*Exercise prompt*.
Repeat only the stretch of lines below that runs from the line with "La igualtat i" through the line with "New 2026 Nissan", unaltered.

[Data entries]
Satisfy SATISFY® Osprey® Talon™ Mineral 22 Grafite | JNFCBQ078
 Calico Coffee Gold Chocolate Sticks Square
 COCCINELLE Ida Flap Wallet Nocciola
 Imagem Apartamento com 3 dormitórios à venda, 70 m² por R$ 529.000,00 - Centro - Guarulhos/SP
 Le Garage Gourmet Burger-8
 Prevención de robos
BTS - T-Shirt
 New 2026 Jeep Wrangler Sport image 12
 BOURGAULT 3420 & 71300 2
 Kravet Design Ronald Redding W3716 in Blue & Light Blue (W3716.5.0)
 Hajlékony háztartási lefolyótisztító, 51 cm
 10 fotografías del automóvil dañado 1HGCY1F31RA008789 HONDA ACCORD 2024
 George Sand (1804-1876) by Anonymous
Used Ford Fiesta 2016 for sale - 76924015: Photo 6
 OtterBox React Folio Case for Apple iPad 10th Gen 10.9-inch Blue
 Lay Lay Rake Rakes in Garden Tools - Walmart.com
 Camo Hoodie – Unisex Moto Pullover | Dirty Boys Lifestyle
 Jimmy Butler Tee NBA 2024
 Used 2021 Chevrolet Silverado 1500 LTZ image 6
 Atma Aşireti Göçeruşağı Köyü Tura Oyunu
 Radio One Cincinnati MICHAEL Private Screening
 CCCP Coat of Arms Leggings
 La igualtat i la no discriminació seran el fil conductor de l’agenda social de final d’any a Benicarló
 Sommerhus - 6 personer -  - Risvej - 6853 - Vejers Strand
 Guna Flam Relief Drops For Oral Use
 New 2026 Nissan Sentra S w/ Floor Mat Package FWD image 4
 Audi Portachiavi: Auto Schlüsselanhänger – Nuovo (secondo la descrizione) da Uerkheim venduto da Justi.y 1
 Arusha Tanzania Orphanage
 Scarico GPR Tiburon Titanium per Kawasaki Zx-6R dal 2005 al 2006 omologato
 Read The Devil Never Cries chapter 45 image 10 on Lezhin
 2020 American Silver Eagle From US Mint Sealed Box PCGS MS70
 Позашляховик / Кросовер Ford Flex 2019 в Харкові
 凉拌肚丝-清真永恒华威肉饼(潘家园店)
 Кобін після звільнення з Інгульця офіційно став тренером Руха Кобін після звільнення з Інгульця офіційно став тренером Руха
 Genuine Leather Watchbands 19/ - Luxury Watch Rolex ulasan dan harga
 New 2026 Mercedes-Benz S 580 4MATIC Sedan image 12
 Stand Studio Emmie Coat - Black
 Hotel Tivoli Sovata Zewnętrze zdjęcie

*Result for this task*.
 La igualtat i la no discriminació seran el fil conductor de l’agenda social de final d’any a Benicarló
 Sommerhus - 6 personer -  - Risvej - 6853 - Vejers Strand
 Guna Flam Relief Drops For Oral Use
 New 2026 Nissan Sentra S w/ Floor Mat Package FWD image 4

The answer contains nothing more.